こうした人工飼料は、とても便利なのですが、餌昆虫がケース内部に残っているときに、こうした柔らかめの粘性のある液体を入れておくと、ショウジョウバエやコオロギが溺れて脱出できず死んでしまい、さらに餌も傷んでしまうと、良いことが欠片もないので、同時に使うのではなく、今日は餌昆虫の日、今日はフードの日、とするのがよいように思います。管理人は数日おきに交互に与えています。このあたりの塩梅は、実際に使ってみて把握してください。
■繁殖/Breeding
卵は乾燥した場所に産み落とすタイプの薄いハードシェル。自然下では樹木の洞や、割れ目などに産卵しているのでしょう(管理人は、自然下の写真を見たことがありませんので、想像です)。直径15mm前後で、通常2個でワンクラッチですが、1個だけ産むこともあります。卵同士は産み落とされるとすぐにくっつき合い、離れなくなりますが、壁面や周囲のマテリアルにくっつくことはないようです。飼育下ではサンスベリアの隙間や、コルクバークの陰、竹筒の中や割れ目などに産み落とすことが知られていますが、いずれも引っ掛かったり乗っかっているだけです。簡単に取り出せるというメリットはありますが、落としたりすると、簡単に割れてしまうので、取り出すときには細心の注意を払いましょう。管理人は産卵場所として親の体よりちょっと大きい程度の竹を入れておくのを好みますが、この場合、取り出すときに垂直軸を変化させないよう、棒を取り出す時に、どっちが上だったか注意しておく必要があります。多くの爬虫類――ヤモリがそうであるように、ヒルヤモリも胚が定着した後で上下が変わると、卵が死んでしまうことがあるからです。ヒルヤモリの卵は安定期に入る前の産卵直後は、繊細であるという話がありますので、他のヤモリよりもより、注意したほうが良いのかもしれません。とはいえ、正直なところ、気を付けてはいるものの、いままで見つけた範囲のものは全部卵を取り出していますが、問題になったことは無いですけども。

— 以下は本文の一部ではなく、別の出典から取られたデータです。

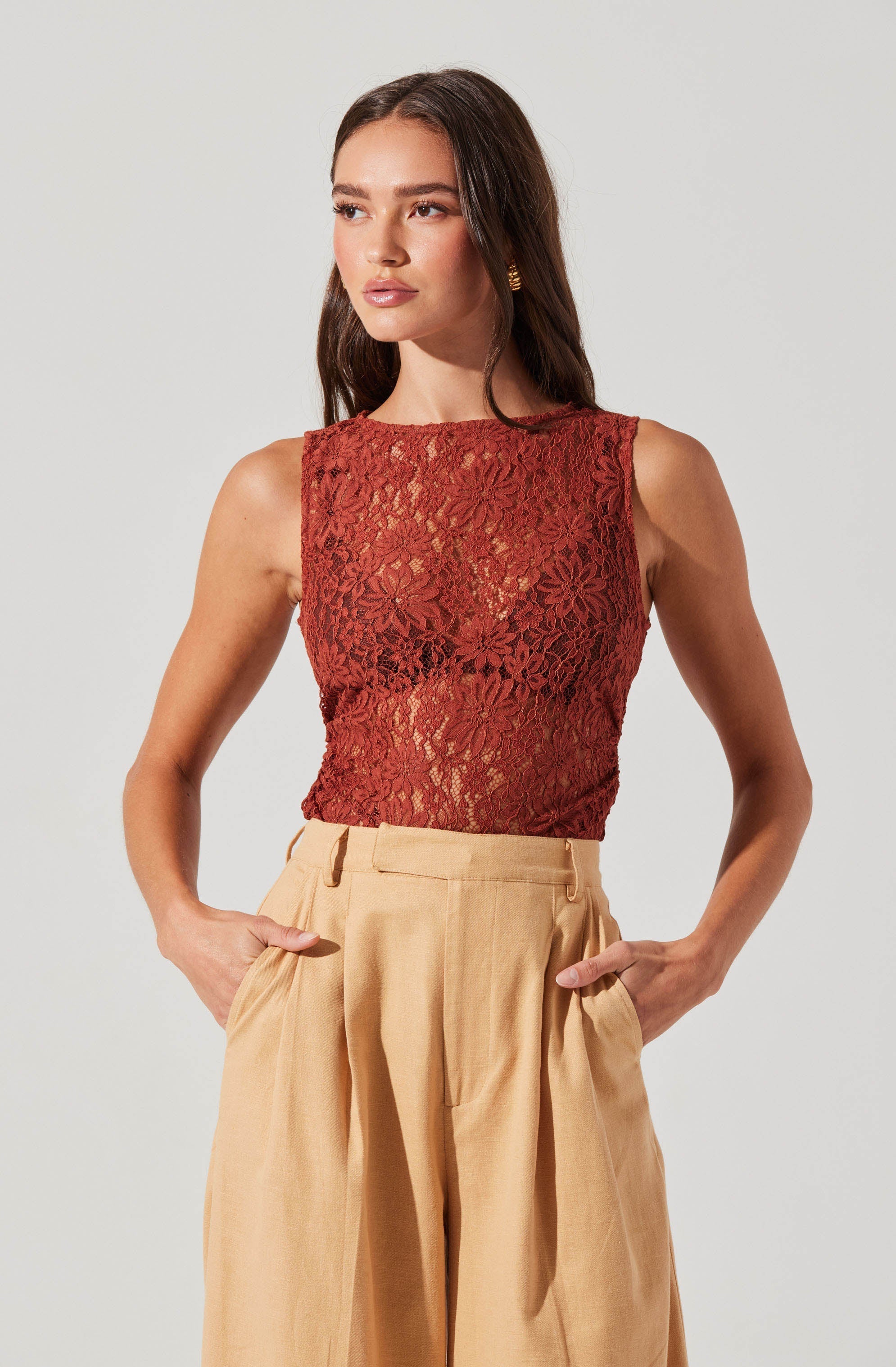 Kairi Lace High Neck Top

左からPhelsuma grandis,Phelsuma m. madagascariensis,Phelsuma kochi。チューブの径が4mm。ハードシェルでは、卵に接触する部分の床材は、乾いていることが望ましい。上記写真では、この下の層は湿り気を帯びていて湿度が確保されている。ヤシガラなどは一度乾燥させたものには湿り気が移りづらいからだ。このように、用土も工夫次第で孵化させることは可能であるが、確実性を期すならば、園芸用スポンジを使ったり、鉢底網を山谷山で折ったものの上に載せるなどして、床材に接触しないようにするのがよいだろう。産卵場所は、植物質のものが必須であるという訳ではなく、人工物でもよいようで、例えば遮光性のあるプラスティックのケースに、ヒルヤモリが通れるぐらいの大きさの穴を空けたようなケースを用意すると、そこに入って産卵する様子も観察されます。言うなれば産卵ボックスのようなもので、床材はとくに入れなくても産卵はしますが、取り出すときに卵が動いたりしないよう、ほどよく乾燥したヤシガラ土などを入れておくのを管理人は好んでいます。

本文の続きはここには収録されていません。